:: What to produce ::
Exactly as written, return all the data, leaving its pictures behind.
━━━━━━━━━━━━━━━━━━━━
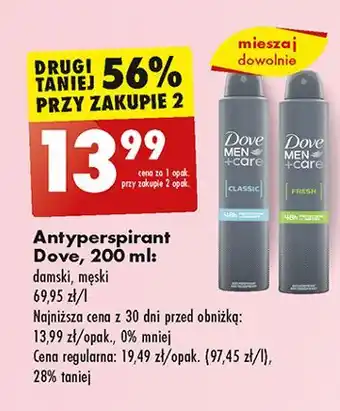 Biedronka Dezodorant classic Dove Men+Care oferta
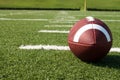 Closeup of American Football on Field Royalty Free Stock Photo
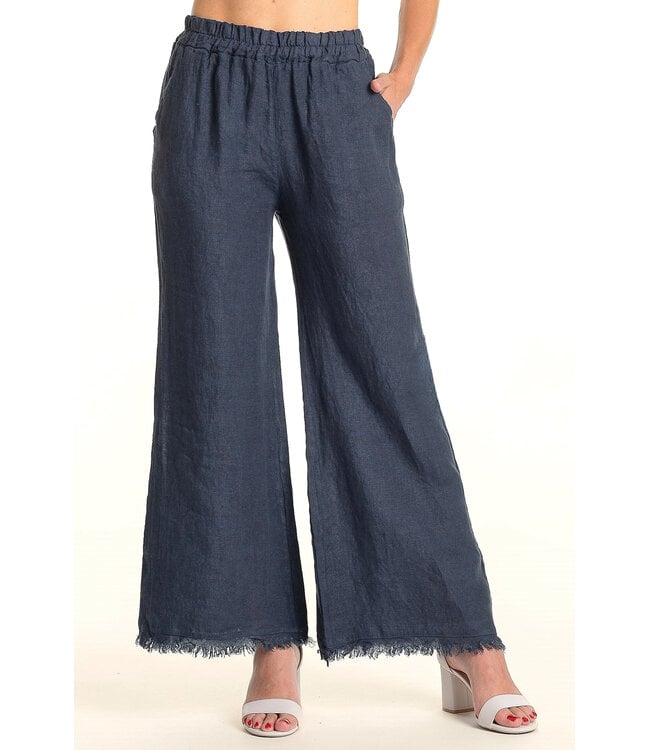Linen Pants Wide Leg w/ Fringe - Navy
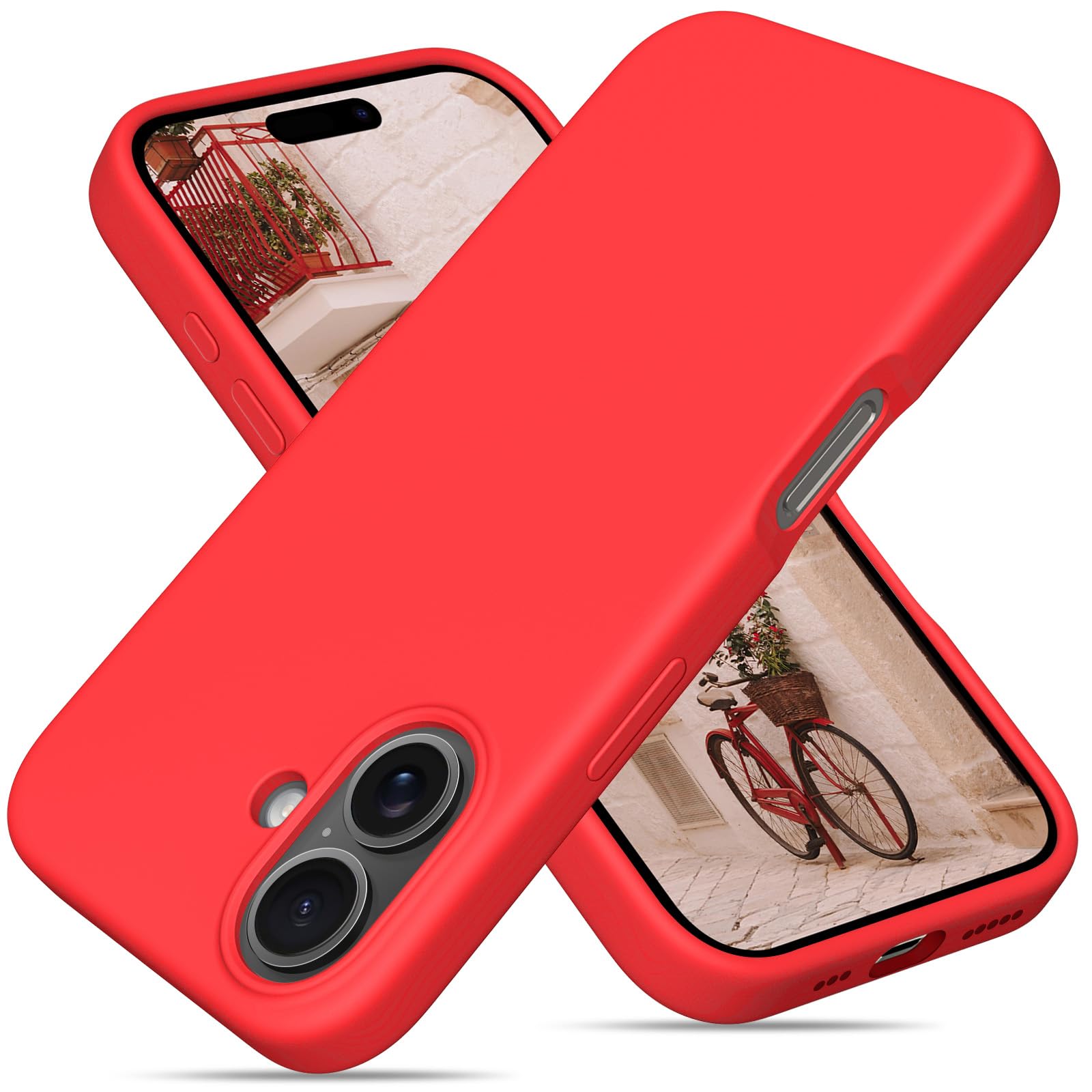 OitiYaa Liquid Silicone Case for iPhone 16 Case,Full Body Protective Cover with 4 Layer Shockproof Structure, Soft Ultra Slim Phone Case with Anti-Scratch Microfiber Lining, 6.1 inch, Red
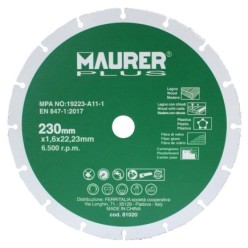 Disco De Corte Para Madera y Plasticos Ø 230 x 1,6 mm,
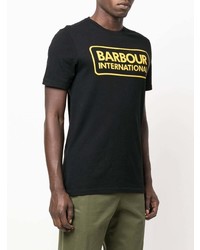 T-shirt à col rond imprimé noir Barbour International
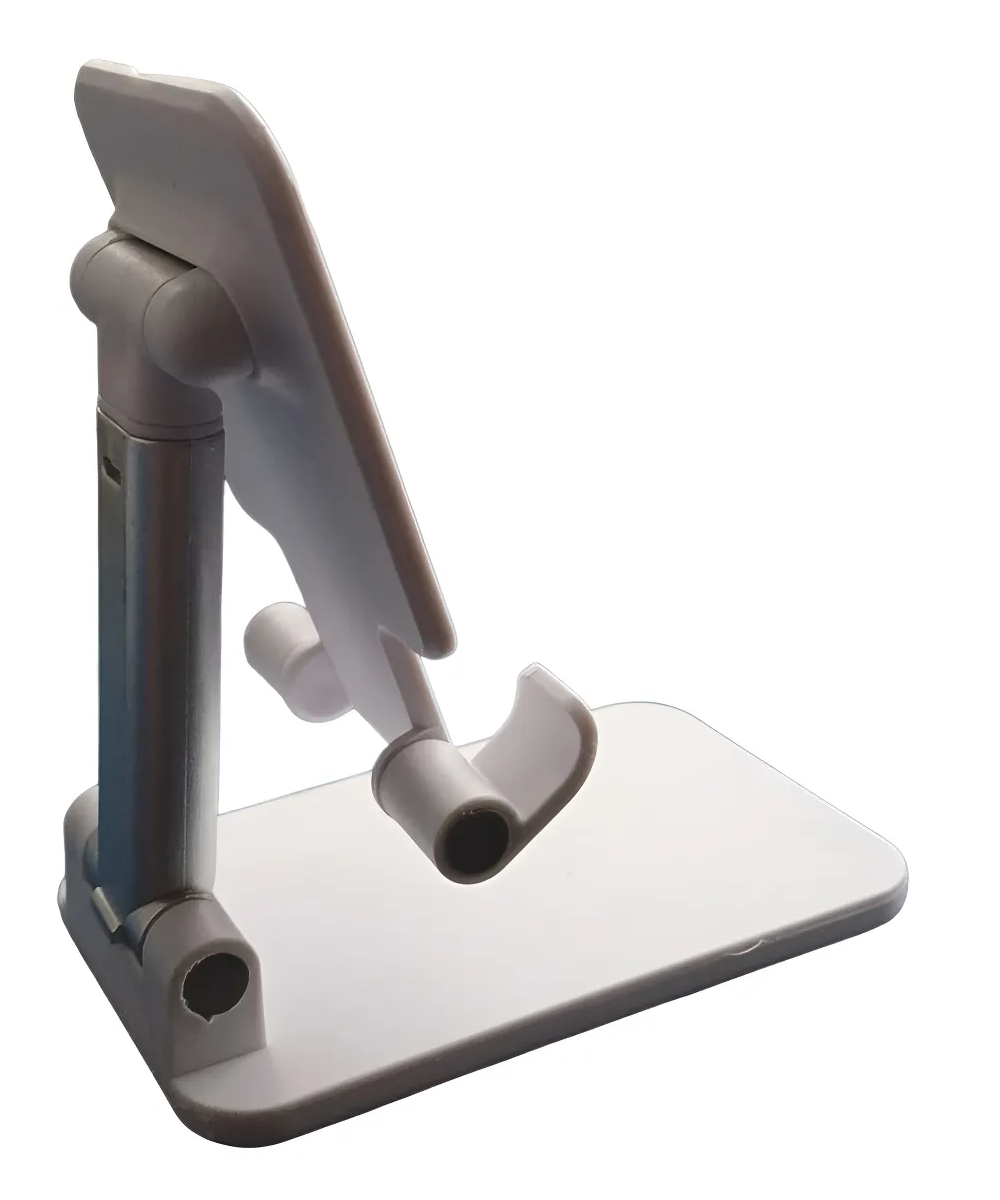 Soporte para celular o tablet de mesa color blanco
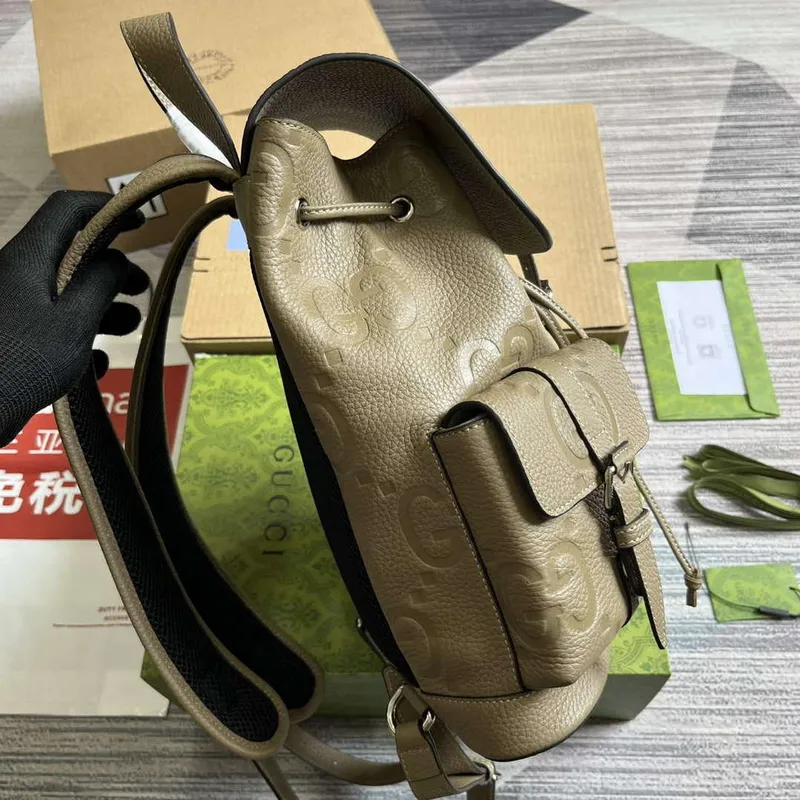 Gucci 739503 Jumbo GG Malý Batoh Taupe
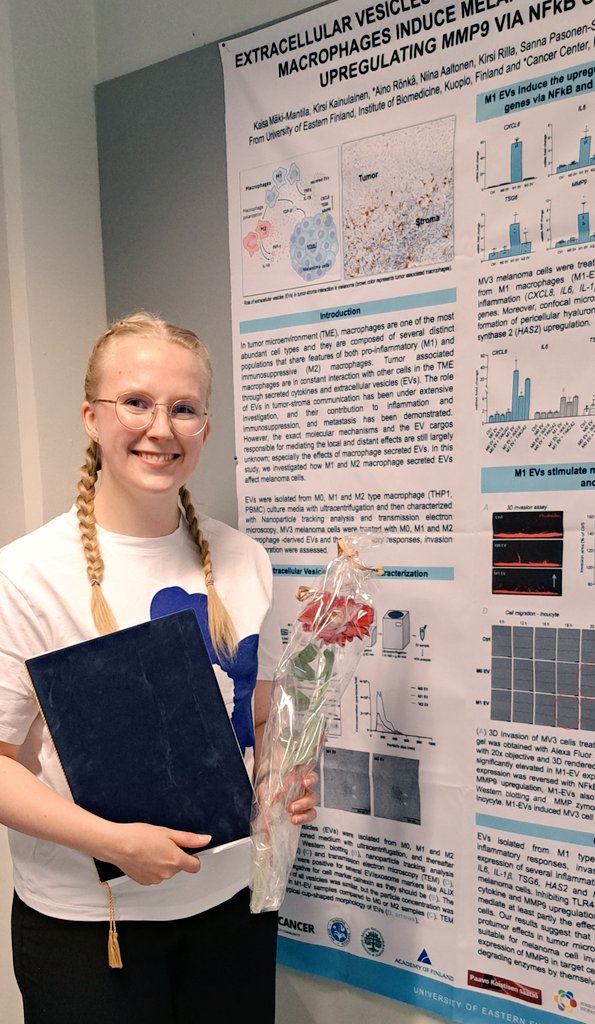 Congratulations Kaisa for the best poster presentation 🌹 <a href="/UEF_Biomed/">UEF Institute of Biomedicine</a> <a href="/UEFcancer/">UEFcancer</a>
━━━━━━━━━━━━━━━━━━━━
:: Answer space ::
 Biedronka Dezodorant classic Dove Men+Care oferta
 Closeup of American Football on Field Royalty Free Stock Photo
Linen Pants Wide Leg w/ Fringe - Navy
 OitiYaa Liquid Silicone Case for iPhone 16 Case,Full Body Protective Cover with 4 Layer Shockproof Structure, Soft Ultra Slim Phone Case with Anti-Scratch Microfiber Lining, 6.1 inch, Red
 Disco De Corte Para Madera y Plasticos Ø 230 x 1,6 mm,
 T-shirt à col rond imprimé noir Barbour International
 Soporte para celular o tablet de mesa color blanco
 Gucci 739503 Jumbo GG Malý Batoh Taupe
 Congratulations Kaisa for the best poster presentation 🌹 <a href="/UEF_Biomed/">UEF Institute of Biomedicine</a> <a href="/UEFcancer/">UEFcancer</a>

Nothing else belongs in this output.